From hearings of the House Committee on Oversight and Government Reform, seminars at The Washington Post and even an awards ceremony she attended at the French Embassy, Aleathea Williams packed a lot into her summer in Washington.
The senior political science major at the University of Missouri–St. Louis spent the majority of her time in the nation’s capital in the office of Congressman William Lacy Clay, accompanying him to meetings, manning the phones at the front desk or attending to other tasks given to her by his permanent staff. She landed there through an internship organized and funded by the Congressional Black Caucus Foundation.
The up-close look at government in action – and sometimes inaction – made a lasting impact.

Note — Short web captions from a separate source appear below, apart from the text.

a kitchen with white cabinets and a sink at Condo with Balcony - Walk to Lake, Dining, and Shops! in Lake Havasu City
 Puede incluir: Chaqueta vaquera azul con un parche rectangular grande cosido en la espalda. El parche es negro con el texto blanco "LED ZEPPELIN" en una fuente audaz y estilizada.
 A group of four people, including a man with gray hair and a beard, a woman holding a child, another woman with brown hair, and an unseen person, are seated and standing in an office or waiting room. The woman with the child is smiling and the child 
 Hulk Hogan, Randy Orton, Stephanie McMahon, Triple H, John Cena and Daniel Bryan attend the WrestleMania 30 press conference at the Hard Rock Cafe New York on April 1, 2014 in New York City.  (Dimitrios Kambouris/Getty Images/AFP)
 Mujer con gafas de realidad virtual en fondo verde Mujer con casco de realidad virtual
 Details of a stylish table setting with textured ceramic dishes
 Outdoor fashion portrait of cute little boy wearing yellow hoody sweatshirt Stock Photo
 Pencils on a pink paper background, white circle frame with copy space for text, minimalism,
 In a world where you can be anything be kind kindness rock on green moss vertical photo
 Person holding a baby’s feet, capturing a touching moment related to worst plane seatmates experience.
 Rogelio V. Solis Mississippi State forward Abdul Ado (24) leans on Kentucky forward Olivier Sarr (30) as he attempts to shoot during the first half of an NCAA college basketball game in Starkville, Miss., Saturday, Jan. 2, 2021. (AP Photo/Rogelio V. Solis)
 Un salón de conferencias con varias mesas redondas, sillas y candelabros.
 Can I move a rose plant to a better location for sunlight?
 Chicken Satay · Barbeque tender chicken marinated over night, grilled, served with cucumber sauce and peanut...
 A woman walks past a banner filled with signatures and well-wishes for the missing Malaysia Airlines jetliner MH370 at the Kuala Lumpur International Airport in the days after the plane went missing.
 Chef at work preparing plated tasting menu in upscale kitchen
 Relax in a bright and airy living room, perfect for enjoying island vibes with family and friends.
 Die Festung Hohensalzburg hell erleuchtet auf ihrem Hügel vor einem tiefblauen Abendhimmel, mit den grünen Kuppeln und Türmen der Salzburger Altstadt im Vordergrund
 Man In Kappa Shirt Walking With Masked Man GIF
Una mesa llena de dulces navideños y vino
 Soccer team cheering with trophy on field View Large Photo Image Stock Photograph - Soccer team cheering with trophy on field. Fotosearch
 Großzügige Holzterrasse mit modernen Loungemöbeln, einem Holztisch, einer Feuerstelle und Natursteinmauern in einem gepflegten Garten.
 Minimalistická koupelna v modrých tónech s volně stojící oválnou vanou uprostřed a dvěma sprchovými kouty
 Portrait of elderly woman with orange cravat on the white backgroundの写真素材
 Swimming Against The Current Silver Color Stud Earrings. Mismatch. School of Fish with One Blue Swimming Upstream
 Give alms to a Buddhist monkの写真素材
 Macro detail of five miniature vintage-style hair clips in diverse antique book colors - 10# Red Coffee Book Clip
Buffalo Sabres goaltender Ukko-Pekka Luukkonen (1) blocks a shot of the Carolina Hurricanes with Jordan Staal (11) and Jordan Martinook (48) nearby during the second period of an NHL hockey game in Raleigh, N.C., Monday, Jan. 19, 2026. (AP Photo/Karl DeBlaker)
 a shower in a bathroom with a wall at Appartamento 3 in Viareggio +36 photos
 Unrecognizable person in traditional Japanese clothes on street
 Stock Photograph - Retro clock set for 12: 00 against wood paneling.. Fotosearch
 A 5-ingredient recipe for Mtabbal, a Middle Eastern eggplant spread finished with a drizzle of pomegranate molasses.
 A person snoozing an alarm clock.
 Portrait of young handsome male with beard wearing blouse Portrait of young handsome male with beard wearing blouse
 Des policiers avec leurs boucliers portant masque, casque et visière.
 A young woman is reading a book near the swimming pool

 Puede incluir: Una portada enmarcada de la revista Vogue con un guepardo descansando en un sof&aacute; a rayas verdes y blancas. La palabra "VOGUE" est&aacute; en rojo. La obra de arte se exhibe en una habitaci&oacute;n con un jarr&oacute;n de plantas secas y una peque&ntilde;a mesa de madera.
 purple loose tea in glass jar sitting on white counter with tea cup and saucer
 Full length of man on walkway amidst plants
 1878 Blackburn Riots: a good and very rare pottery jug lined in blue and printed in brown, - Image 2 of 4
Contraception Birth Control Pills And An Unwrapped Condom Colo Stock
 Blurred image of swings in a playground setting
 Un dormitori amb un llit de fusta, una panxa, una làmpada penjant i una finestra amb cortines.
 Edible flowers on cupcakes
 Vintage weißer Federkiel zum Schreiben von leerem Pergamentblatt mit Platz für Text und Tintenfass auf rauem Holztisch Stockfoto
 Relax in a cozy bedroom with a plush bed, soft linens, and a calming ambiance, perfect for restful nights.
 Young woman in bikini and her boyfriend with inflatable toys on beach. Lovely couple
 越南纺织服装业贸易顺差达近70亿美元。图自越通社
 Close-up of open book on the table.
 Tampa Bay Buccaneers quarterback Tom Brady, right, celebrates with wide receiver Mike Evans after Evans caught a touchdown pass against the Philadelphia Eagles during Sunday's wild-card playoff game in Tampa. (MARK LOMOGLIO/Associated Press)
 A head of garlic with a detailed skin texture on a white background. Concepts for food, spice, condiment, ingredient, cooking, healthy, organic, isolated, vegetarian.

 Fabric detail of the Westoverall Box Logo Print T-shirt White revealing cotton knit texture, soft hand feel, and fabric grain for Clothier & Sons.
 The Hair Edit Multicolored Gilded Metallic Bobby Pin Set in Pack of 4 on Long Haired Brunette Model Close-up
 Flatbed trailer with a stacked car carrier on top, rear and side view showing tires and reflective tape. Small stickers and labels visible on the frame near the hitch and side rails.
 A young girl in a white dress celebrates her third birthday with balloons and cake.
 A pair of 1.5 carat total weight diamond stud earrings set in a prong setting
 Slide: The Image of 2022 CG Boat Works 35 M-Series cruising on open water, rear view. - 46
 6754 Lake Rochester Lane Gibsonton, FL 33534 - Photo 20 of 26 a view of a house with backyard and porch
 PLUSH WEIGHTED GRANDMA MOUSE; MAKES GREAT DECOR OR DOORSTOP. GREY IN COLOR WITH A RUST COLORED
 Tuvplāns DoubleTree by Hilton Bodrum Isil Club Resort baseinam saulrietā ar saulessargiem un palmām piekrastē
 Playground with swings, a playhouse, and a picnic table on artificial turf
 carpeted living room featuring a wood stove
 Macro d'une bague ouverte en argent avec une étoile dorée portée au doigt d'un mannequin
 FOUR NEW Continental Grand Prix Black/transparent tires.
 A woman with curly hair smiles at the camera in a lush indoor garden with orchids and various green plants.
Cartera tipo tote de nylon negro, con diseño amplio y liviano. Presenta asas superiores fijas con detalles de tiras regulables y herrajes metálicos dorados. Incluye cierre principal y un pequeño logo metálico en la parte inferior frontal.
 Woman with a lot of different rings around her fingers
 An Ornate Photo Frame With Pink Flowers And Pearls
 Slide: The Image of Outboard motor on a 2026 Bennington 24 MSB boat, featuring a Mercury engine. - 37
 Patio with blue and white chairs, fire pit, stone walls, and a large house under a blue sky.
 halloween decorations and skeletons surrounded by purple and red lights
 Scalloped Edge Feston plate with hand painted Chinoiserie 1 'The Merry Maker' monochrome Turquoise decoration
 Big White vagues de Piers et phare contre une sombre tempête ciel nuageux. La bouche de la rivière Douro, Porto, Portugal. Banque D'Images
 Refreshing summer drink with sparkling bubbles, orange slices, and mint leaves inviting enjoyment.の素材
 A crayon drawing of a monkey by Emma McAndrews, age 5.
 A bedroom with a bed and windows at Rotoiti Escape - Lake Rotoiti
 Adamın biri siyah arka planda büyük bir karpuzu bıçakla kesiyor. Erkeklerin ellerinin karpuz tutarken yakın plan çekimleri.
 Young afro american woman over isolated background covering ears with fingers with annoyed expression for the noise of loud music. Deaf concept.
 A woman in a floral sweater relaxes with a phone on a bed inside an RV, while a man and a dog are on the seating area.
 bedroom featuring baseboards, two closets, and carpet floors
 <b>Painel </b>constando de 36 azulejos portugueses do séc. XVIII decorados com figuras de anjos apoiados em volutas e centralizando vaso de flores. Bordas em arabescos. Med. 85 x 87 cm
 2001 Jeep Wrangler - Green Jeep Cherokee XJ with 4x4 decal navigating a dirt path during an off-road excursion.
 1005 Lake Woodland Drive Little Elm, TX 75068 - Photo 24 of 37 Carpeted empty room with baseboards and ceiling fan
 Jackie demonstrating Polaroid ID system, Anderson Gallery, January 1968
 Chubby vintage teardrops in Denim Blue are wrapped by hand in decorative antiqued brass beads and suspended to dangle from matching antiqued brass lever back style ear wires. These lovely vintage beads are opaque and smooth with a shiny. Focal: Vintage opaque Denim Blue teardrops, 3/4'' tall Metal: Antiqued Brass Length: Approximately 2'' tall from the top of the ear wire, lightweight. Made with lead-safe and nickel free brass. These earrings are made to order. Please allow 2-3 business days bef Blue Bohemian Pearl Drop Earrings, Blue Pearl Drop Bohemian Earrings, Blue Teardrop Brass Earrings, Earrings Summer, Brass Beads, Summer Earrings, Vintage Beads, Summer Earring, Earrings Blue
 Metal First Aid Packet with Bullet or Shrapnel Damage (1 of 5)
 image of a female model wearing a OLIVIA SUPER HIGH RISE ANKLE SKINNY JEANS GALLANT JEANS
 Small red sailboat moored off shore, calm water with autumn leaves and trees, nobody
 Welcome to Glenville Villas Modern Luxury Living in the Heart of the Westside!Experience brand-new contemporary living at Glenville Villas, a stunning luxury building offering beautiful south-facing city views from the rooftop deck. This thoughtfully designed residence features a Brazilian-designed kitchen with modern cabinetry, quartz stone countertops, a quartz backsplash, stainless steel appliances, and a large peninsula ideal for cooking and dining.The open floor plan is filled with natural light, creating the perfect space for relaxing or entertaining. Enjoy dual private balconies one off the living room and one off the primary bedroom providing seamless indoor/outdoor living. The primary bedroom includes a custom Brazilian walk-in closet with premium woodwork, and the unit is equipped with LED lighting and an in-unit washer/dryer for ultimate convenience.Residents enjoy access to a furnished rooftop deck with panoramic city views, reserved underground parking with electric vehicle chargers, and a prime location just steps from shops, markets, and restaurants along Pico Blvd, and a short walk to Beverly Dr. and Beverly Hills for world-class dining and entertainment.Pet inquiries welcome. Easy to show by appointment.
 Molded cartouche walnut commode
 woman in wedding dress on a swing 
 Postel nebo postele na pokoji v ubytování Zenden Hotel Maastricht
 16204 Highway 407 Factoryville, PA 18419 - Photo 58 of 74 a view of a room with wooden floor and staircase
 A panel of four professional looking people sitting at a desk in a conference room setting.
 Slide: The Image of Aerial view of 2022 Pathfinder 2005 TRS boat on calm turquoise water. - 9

“I feel more empowered. I feel more educated. I feel more empathetic,” Williams says. “Sometimes you look at your local and state reps, and you think, ‘Oh, they’re not doing enough. They should be doing this and this.’ But being there, I actually saw what my congressman was doing and saw what other congressmen and congresswomen try to do. I saw how hard it is sometimes when you’re in a markup session and you can’t get any amendments approved for the bill when you worked so hard on them.”
Williams, a Kauffman Scholar from Kansas City, Missouri, came to UMSL in fall 2015 intent on studying nursing. It was about a year after the shooting of Michael Brown in Ferguson, and she soon found herself drawn to politics and policy issues after attending several protests.
“I realized I wanted to do something more for my community, and I felt like I wanted to work within politics and law,” Williams says.
Since then, Williams, a student in the Pierre Laclede Honors College with aims of attending law school, has found numerous ways to help propel herself down that path. She is a former vice president of Associated Black Collegians, a Sue Shear Institute fellow and past participant in its 21st Century Leadership Academy and now the vice president of the Student Government Association.
It might only be a matter of time before she heads back to Washington.
“I want to feel like I’m using my voice,” Williams says, “and actually making an impact for those that look like me.”